TASK OBJECTIVE. Everything in the data below except the pictures must be repeated word for word.

SOURCE MATERIAL.

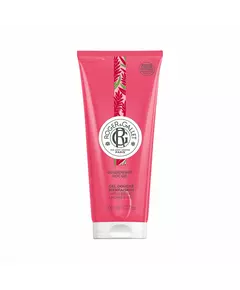 Гель для душу Roger & Gallet GINGEMBRE ROUGE, 200 мл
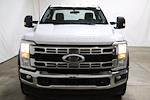 2025 Ford F-550 Regular Cab DRW 4WD Cab Chassis for sale #FTS1869 - photo 7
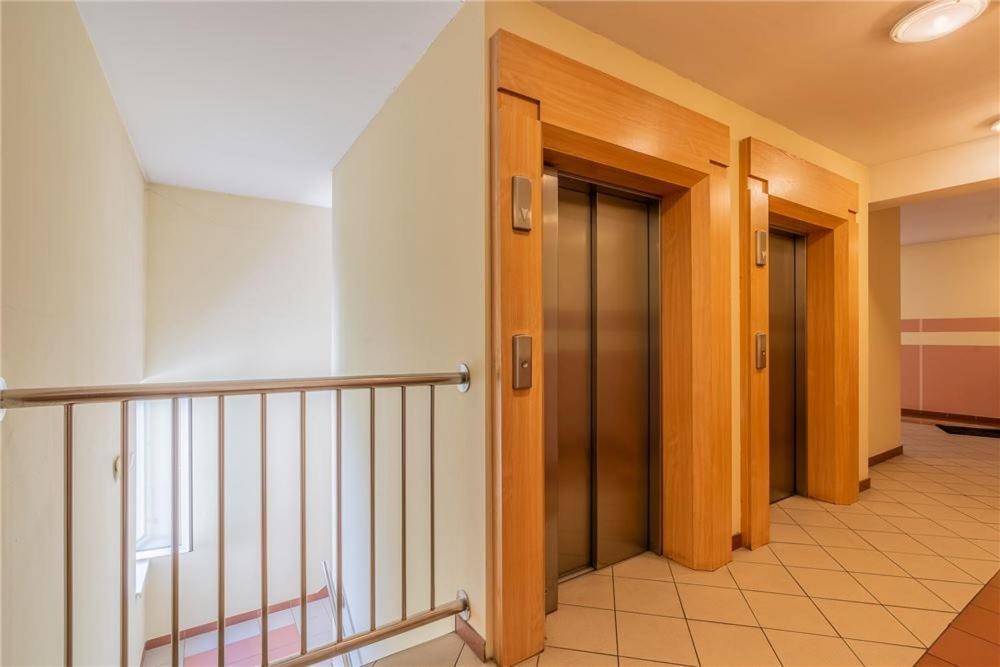 Apartament Broadway 波兹南 外观 照片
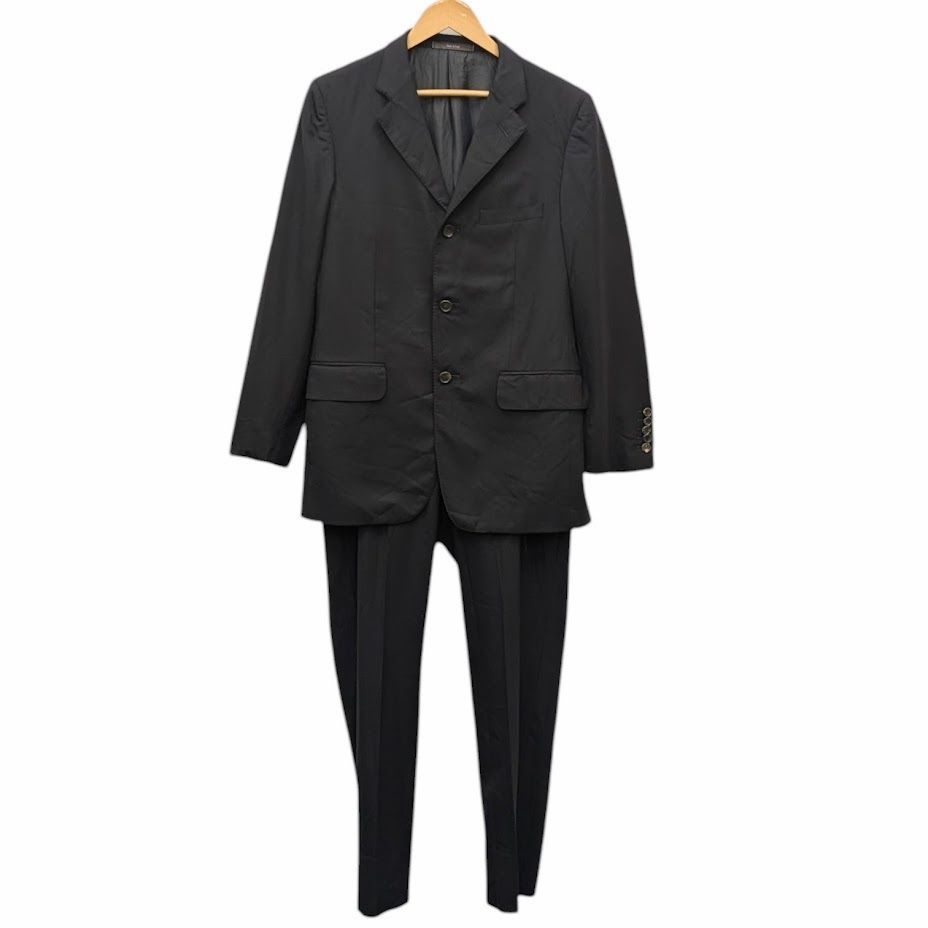 GUCCI グッチ セットアップ スーツ テーラードジャケット スラックス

TASK RESPONSE.
 Гель для душу Roger & Gallet GINGEMBRE ROUGE, 200 мл
 2025 Ford F-550 Regular Cab DRW 4WD Cab Chassis for sale #FTS1869 - photo 7
 Apartament Broadway 波兹南 外观 照片
 GUCCI グッチ セットアップ スーツ テーラードジャケット スラックス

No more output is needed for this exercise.